As I reach the midway point of my Outreachy internship, it’s a good time to reflect on the original project plan and adjust course for the second half.
Originally, my timeline was fairly open ended for my exploratory data analysis project. I expected to spend from the beginning of the project through February 1st exploring the data using graphical and quantitative techniques to determine attributes of heavy users of the Firefox browser. Then I would spend a few weeks developing a method to identify heavy users and finish up by preparing and communicating a report of my findings. So far I have followed that plan closely.
First Half ProgressI spent several weeks learning the tools to explore the data.
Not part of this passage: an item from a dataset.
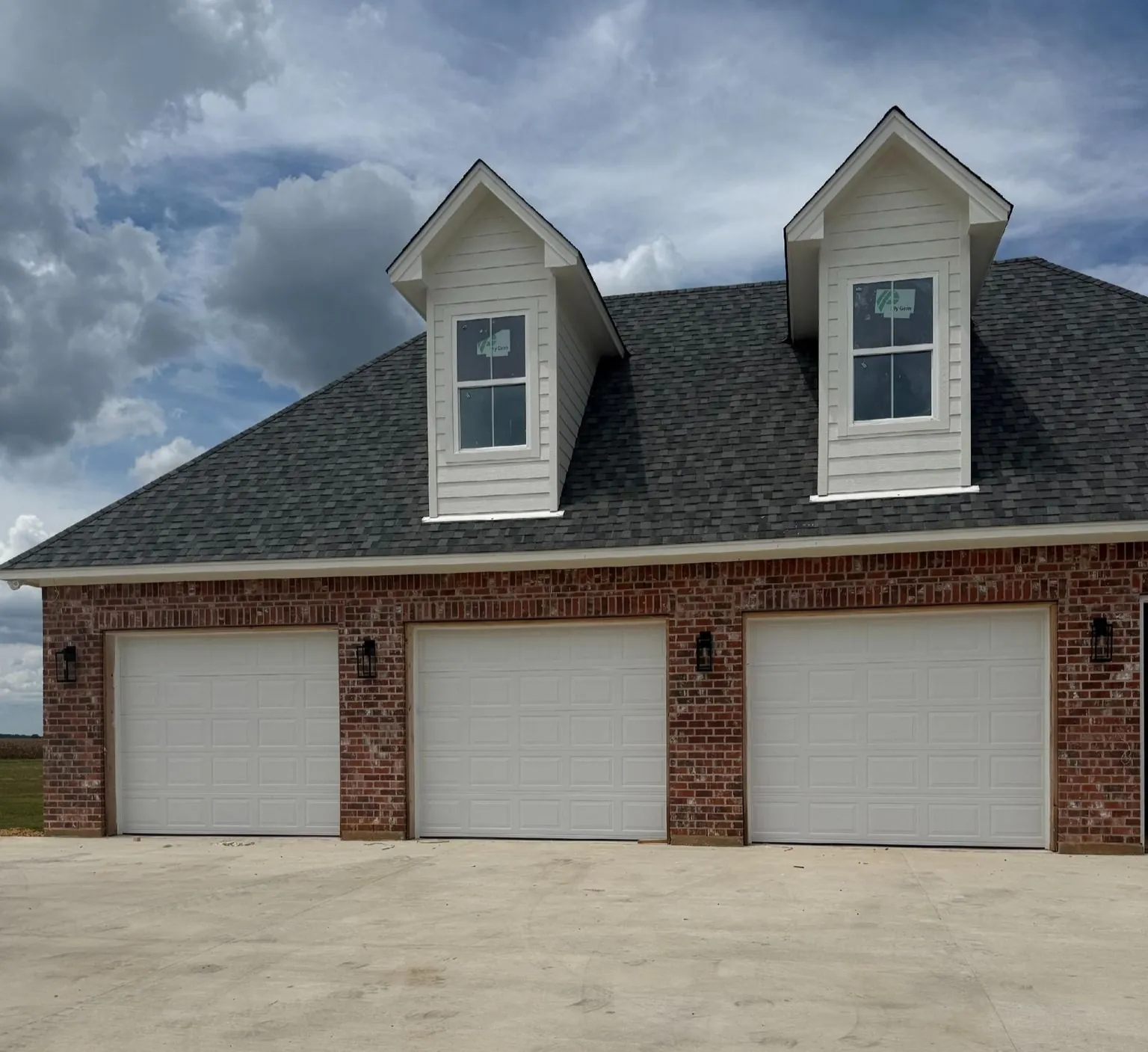 Three-bay brick garage with new steel doors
I already had some experience with SQL and Python, but I needed to learn the Spark Python API. I learned the syntax to slice the data in multiple different ways, join it with other data and graph it. I initially made some histograms and quantiles plots from the data. I was very excited in the first several weeks when I wrote a user defined function. Well, I actually modified one that a teammate had used in his notebook, but it still felt like an accomplishment.
Then it was time to do a deep dive into the data. The main table of data I am investigating has 607 columns and 3.9 million rows for 1 day. Determining what those 607 columns contained and which ones were interesting to me was the first task. After determining which columns were of the most interest, I needed to know what the data looked like in those columns. Using summary statistics – count, mean, standard deviation, minimum and maximum – gave me a good overall picture.
I started looking at outliers which led to a whole notebook of odd usage patterns. For example, if a client has 0 URIs for the day and 0 active hours, it was likely the browser was open but not used that day. Should this count as a user in my determination of heavy users? It’s hard to think of them as a user if they didn’t actually use the product that day. How is it possible to be active for 24 hours every day but not access any URIs? Or how can URI counts be very high (above the 99th percentile) and have no active hours?
These usage patterns were very fascinating discoveries and may inform my decision about how to handle the definition of heavy users, but it was also easy to feel like I was going down a rabbit hole and I had to figure out when I’d found enough useful information to come back to my main analysis.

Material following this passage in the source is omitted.